At the same time Assad's family began buying hoards of luxury properties in Moscow, the FT reported. Assad's regime has been accused of looting Syria's wealth and turning to criminal activity to finance the war against its own people. Assad's regime transported huge shipments of US and euro banknotes into Russia between March 2018 and September 2019.



Russian trade records from Import Genius, an export data service, show that on in 2019, a plane carrying $10mn in $100 bills sent on behalf of Assad's central bank landed in Vnukovo airport. The central bank then airlifted in around €20mn in €500 notes in February 2019. There were 21 flights from March 2018 to September 2019 with money worth over $250million (USD).

According to the records, the transfers only started happening in 2018. A person familiar with Syrian central bank data told the FT that foreign reserves were almost depleted by 2018. Due to sanctions, the bank had to make payments in cash, they added.

It bought wheat from Russia and paid for money printing services and 'defence' expenses, the person said. They said the central bank would pay according to what was available 'in the vault'. 'When a country is completely surrounded and sanctioned, they have only cash', they said.

Russian records show that exports from Russia to Syria took place in the years before and after the shipment of money, including new Syrian banknotes, secure paper and military components. But there is no record of the Russian lenders who received the banknotes taking any other shipments of cash from Syria or any other country. Now even some former loyalists of the Assad regime have become angry at Assad's escape to Moscow, seeing it as proof of his overriding self interest.
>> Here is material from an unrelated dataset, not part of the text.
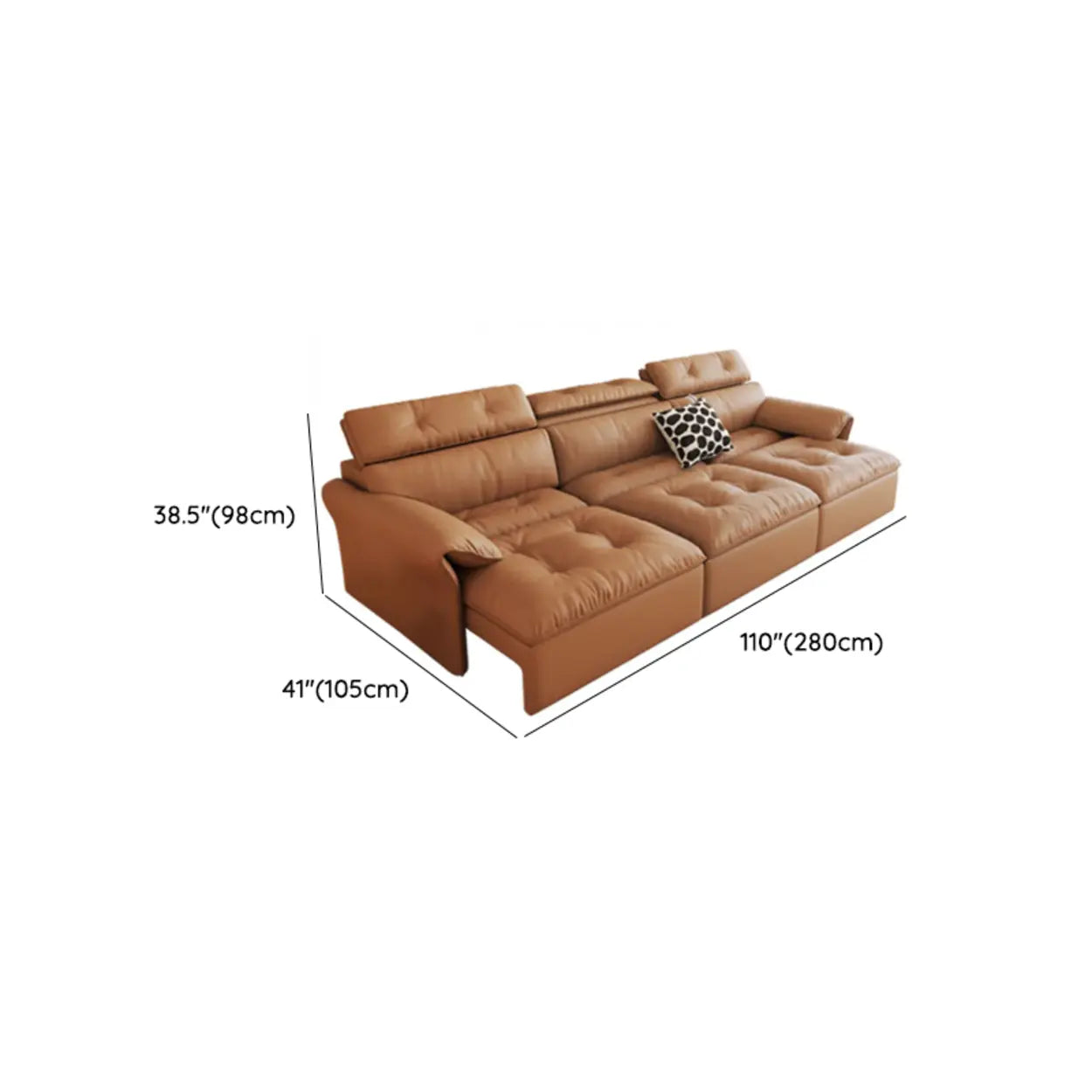 Contemporary Brown Genuine Leather Sleeper Sofa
In 2015, Russia brought its warplanes to bear down on what remained of the Syrian rebels and Islamist insurgents. The ties between the two countries became deeper as Russian military advisers bolstered Assad's war effort and Russian companies became part of Syria's lucrative phosphate supply chain. Over the past six years, people with insight into the regimes working said Assad and his associates seized control of the country's troubled economy.

Asma al-Assad, first lady and ex-JP Morgan banker influenced international aid and oversaw a secretive presidential economic council. The regime also generated money from international drug trafficking and fuel smuggling, according to the US. Washington had previously sanctioned the regime for its cash transfers In 2015, The US treasury accused former Syrian central bank governor Adib Mayaleh and a central bank employee of facilitating bulk cash transfers for the regime to Russia.

Records show the cash delivered to Moscow in 2018 and 2019 was delivered to Russian Financial Corporation Bank, or RFK, a Russian lender based in Moscow controlled by Rosoboronexport, the Russian state arms export company. In March 2018 records show Syria's central bank also shipped $2mn to another Russian bank, TsMR Bank, which has also been sanctioned by the US. As Russian institutions were receiving cash from Syria, Assad's other backer, Iran, set up schemes to funnel hard currency to the beleaguered regime.

The dictator's money men took important positions in these companies, according to corporate records analysed by the FT. Records analysed by the FT show that key Assad lieutenants continued to move assets into Russia as western sanctions forced the regime away from the dollar banking system. In 2019, the FT reported that Assad's extended family had for six years bought at least 20 luxury apartments in Moscow.

In 2022 Iyad Makhlouf, Assad's maternal cousin and a major in Syrian General Intelligence, established a property company in Moscow co-owned by his twin brother Ihab called Zevelis City, Russian corporate records show. Iyad's brother Rami Makhlouf was the regime's most important businessman and was once believed to control the majority of Syria's economy through a web of companies including mobile phone network SyriaTel. But in 2020 Rami fell out of favour with Assad's regime and Syrians with insight into the regime say Iyad and Ihab remained close to Bashar and his wife Asma.